In early-onset preeclampsia, serum amyloid A1 was increased compared with controls (17.1 vs 5.1 µg/mL, P<.001), whereas pregnancy zone protein was decreased (590 vs 892 µg/mL, P=.002). Pregnancy zone protein was also decreased in diabetes compared with controls (683 vs 892 µg/mL, P=.01). Serum amyloid A1 was associated with placental dysfunction (fetal growth restriction, elevated soluble fms-like tyrosine kinase-1 to placental growth factor ratio). Pregnancy zone protein correlated negatively with soluble fms-like tyrosine kinase-1 to placental growth factor ratio in all study groups. Acute atherosis was not associated with serum amyloid A1 or pregnancy zone protein.
Proteins involved in atherosclerosis, hypercoagulability, and protein misfolding are dysregulated in early-onset preeclampsia and placental dysfunction, which links them and potentially contributes to future maternal cardiovascular disease.
妊娠高血压疾病(子痫前期、妊娠高血压和慢性高血压)、糖尿病和胎盘功能障碍会增加孕产妇发生长期心血管疾病的风险。子痫前期还与急性动脉粥样硬化有关,后者涉及子宫胎盘螺旋动脉病变,类似于动脉粥样硬化的早期阶段。血清淀粉样蛋白A1参与高凝状态和动脉粥样硬化,可能聚集成错误折叠蛋白的淀粉样聚集体。妊娠区蛋白可能抑制淀粉样蛋白聚集。

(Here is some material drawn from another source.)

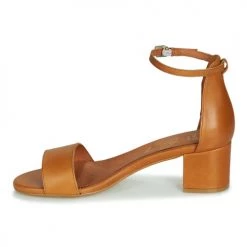 Chaussures Femme Sandales et Nu-pieds Betty London INNAMATA Camel -Sandales Soldes Boutique 13269237 500 D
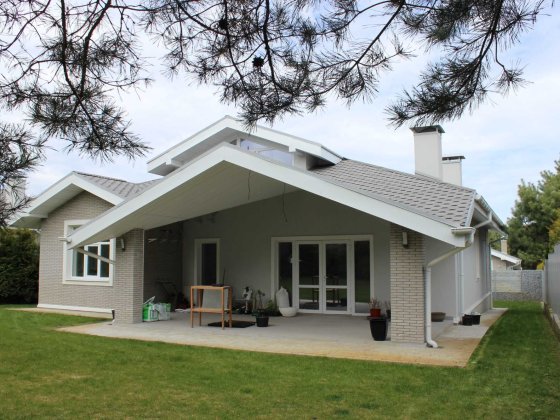 Будинок / 145 кв.м/ 7 соток/ тераса/ ліс/ озеро/Бобриця Бобрица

淀粉样蛋白与阿尔茨海默病和心血管疾病有关;它已在子痫前期中被发现,但其在子痫前期病理生理学中的作用尚不清楚。
我们假设在妊娠高血压疾病和糖尿病妊娠中,血清淀粉样蛋白A1会升高而妊娠区蛋白会降低,并且血清淀粉样蛋白A1和妊娠区蛋白会与胎盘功能障碍标志物(胎儿生长受限和血管生成生物标志物失调)及急性动脉粥样硬化相关。
血清淀粉样蛋白A1在血清和血浆中均可测量。在我们的研究中,对549例妊娠的血浆(血压正常、血糖正常的对照组:258例;早发型子痫前期:71例;晚发型子痫前期:98例;妊娠高血压:30例;慢性高血压:9例;糖尿病:83例)进行了血清淀粉样蛋白A1和妊娠区蛋白检测。547例妊娠有血管生成生物标志物可溶性fms样酪氨酸激酶-1和胎盘生长因子的血清水平数据,313例妊娠有急性动脉粥样硬化评估结果。根据情况使用曼-惠特尼U检验、卡方检验或费舍尔精确检验对妊娠组之间的临床特征和循环生物标志物进行比较。计算斯皮尔曼相关系数以评估相关性。
在早发型子痫前期中,血清淀粉样蛋白A1较对照组升高(17.1对5.1μg/mL,P<0.001),而妊娠区蛋白降低(590对892μg/mL,P=0.002)。与对照组相比,糖尿病患者的妊娠区蛋白也降低(683对892μg/mL,P=0.01)。血清淀粉样蛋白A1与胎盘功能障碍(胎儿生长受限、可溶性fms样酪氨酸激酶-1与胎盘生长因子比值升高)相关。在所有研究组中,妊娠区蛋白与可溶性fms样酪氨酸激酶-1与胎盘生长因子比值呈负相关。急性动脉粥样硬化与血清淀粉样蛋白A1或妊娠区蛋白无关。
参与动脉粥样硬化、高凝状态和蛋白错误折叠的蛋白质在早发型子痫前期和胎盘功能障碍中失调,这将它们联系起来,并可能导致未来的孕产妇心血管疾病。